E como faz! O estado de São Paulo, que mata mais do que toda a polícia dos EUA, está longe de ser aquele aonde a polícia mais mata gente, proporcionalmente. Mesmo em números absolutos, o Rio de Janeiro não está muito atrás (antes de Beltrame e das UPPs, estava na frente). A polícia brasileira como um todo mata mais gente do que a maioria dos conflitos armados. E essas legiões de mortos comprovam o quanto a questão não é de despreparo, mas de qual a função: em meio a dezenas de milhares de favelados e pobres mortos, apenas ocasionalmente se vê alguém ser morto que não deveria ter morrido. Branco, de classe média. 99.999% de acerto é despreparo? Não é para ser "dura" com os criminosos que a polícia está na rua? Para proteger o cidadão de bem, e só ele? Para ignorar os "direitos dos manos"? Então não se pode chegar a outra conclusão, senão a de que a polícia cumpre o papel que dela se exige admiravelmente. Esse papel é pré-moderno, de antes de sir Robert Peel inventar o que se entende hoje por polícia, que até hoje no Reino Unido é desarmada. É o papel dos esbirros reais, da guarda. Protege-se a coletividade, com toda sua hierarquia, e não cada e todo cidadão.

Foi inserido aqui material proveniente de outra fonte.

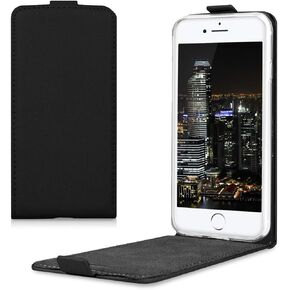 kwmobile Vertical Flip Case Compatible with Apple iPhone SE (2022) / iPhone SE (2020) / iPhone 8 / iPhone 7 - Case PU Leather Protective Flip Cover with Magnet - Black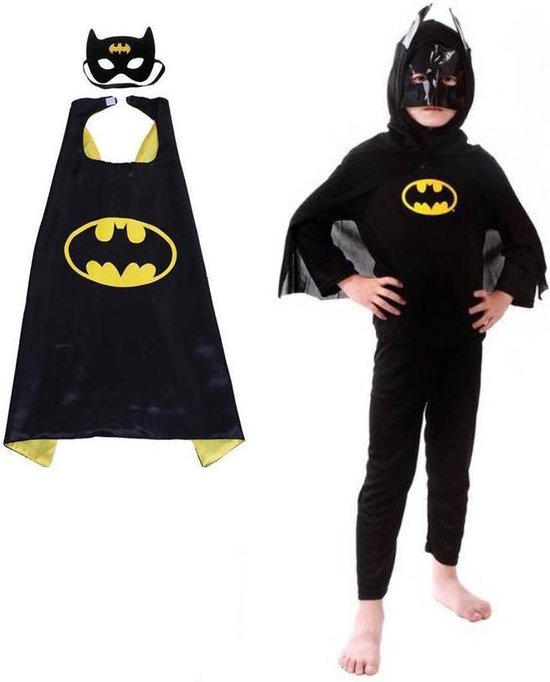 Batman verkleedpak kostuum verkleed pak kinderen 104-110 (S) + zwarte Cape  + masker | bol.com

O problema, portanto, não é de execução (com o perdão do trocadilho), mas de qual o papel que queremos da polícia. A polícia "dura" que protege apenas o "cidadão de bem" e não investiga nada, separada em civil e militar, não serve para coibir a violência e o crime - fato escondido pela redução nas estatísticas de homicídio do Sudeste, que não teve nada a ver com a polícia. Uma polícia obediente à lei e respeitadora de todos os cidadãos - mesmo os criminosos - não é apenas uma questão de humanidade, mas algo necessário se quisermos ter um estado de paz em algum momento, mais duradouro e justo do que o estado de paz conseguido pelo PCC e pelas milícias cariocas. Enquanto matar alguém e bater uma carteira forem ambos crimes puníveis com a pena de morte, não haverá incentivo para que o criminoso se restrinja a bater carteiras. Enquanto ser favelado já tornar alguém "suspeito" (e a pena para suspeição pode ser a morte), o discurso de que o crime não compensa será oco - a punição independe de crime. Ao contrário do que pensam os Datenas e seus seguidores, a polícia "dura" (em que dura significa que ignora a lei) gera o crime e a violência.